[Data extracted from a collection]
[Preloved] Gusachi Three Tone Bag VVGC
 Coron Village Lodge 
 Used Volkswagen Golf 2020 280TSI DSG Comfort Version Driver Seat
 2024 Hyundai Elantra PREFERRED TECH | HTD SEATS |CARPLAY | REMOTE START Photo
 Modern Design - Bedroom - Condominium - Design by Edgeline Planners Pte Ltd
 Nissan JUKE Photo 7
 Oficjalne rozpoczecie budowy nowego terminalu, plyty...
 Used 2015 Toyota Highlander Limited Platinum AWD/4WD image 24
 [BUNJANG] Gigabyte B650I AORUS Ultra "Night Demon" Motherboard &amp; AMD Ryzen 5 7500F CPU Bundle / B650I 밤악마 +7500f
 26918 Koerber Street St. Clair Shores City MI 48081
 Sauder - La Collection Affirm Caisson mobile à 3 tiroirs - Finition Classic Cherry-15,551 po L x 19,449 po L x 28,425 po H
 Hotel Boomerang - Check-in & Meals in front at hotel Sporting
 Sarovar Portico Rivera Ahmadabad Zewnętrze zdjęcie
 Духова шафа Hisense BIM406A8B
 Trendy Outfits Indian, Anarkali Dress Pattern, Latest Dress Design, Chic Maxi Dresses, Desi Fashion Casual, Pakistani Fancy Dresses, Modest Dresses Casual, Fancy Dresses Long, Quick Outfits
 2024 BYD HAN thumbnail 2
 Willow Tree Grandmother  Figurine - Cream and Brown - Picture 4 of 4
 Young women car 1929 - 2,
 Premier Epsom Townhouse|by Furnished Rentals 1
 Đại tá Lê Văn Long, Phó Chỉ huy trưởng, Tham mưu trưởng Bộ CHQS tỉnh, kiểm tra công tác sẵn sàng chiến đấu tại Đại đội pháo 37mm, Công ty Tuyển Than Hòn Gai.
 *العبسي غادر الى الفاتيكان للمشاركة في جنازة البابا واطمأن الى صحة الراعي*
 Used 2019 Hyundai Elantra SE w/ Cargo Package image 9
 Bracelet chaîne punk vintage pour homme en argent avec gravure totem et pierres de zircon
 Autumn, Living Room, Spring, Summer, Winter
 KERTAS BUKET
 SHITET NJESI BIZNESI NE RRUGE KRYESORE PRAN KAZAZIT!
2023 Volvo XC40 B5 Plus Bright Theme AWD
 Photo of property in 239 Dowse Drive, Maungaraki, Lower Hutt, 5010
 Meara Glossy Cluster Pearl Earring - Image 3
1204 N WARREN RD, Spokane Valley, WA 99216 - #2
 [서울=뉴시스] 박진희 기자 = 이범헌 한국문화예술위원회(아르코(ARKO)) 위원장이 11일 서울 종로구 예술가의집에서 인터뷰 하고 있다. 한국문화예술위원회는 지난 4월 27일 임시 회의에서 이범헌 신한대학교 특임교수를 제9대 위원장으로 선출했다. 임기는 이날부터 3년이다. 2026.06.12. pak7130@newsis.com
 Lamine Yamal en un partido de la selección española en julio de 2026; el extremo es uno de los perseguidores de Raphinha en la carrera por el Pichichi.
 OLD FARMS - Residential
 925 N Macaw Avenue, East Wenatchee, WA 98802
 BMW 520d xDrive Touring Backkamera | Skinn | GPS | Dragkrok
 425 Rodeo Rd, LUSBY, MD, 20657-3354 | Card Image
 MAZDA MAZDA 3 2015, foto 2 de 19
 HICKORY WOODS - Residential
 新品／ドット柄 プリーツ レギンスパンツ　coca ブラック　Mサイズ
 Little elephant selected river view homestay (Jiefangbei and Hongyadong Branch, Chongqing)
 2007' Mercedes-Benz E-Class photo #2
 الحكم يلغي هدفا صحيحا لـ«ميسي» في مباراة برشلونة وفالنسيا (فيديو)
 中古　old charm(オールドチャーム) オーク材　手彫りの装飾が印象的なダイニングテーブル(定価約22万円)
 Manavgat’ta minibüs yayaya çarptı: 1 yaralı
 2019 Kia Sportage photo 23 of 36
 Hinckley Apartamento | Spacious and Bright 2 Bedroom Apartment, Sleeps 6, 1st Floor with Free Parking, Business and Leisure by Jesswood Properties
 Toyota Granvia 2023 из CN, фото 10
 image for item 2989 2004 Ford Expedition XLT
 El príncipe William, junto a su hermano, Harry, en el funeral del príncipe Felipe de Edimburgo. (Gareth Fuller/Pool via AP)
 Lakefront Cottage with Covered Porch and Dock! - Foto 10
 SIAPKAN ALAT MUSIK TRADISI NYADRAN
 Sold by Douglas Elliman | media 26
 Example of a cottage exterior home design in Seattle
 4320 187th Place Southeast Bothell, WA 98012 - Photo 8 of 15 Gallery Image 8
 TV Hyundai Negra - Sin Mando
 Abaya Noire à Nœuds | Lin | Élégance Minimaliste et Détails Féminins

§ **EXERCISE AIM**: Copy out, exactly and alone, the lines of the entries above between the ones holding "Premier Epsom Townhouse|by" and "[서울=뉴시스] 박진희 기자", inclusive.

§ **EXERCISE RESPONSE**:
 Premier Epsom Townhouse|by Furnished Rentals 1
 Đại tá Lê Văn Long, Phó Chỉ huy trưởng, Tham mưu trưởng Bộ CHQS tỉnh, kiểm tra công tác sẵn sàng chiến đấu tại Đại đội pháo 37mm, Công ty Tuyển Than Hòn Gai.
 *العبسي غادر الى الفاتيكان للمشاركة في جنازة البابا واطمأن الى صحة الراعي*
 Used 2019 Hyundai Elantra SE w/ Cargo Package image 9
 Bracelet chaîne punk vintage pour homme en argent avec gravure totem et pierres de zircon
 Autumn, Living Room, Spring, Summer, Winter
 KERTAS BUKET
 SHITET NJESI BIZNESI NE RRUGE KRYESORE PRAN KAZAZIT!
2023 Volvo XC40 B5 Plus Bright Theme AWD
 Photo of property in 239 Dowse Drive, Maungaraki, Lower Hutt, 5010
 Meara Glossy Cluster Pearl Earring - Image 3
1204 N WARREN RD, Spokane Valley, WA 99216 - #2
 [서울=뉴시스] 박진희 기자 = 이범헌 한국문화예술위원회(아르코(ARKO)) 위원장이 11일 서울 종로구 예술가의집에서 인터뷰 하고 있다. 한국문화예술위원회는 지난 4월 27일 임시 회의에서 이범헌 신한대학교 특임교수를 제9대 위원장으로 선출했다. 임기는 이날부터 3년이다. 2026.06.12. pak7130@newsis.com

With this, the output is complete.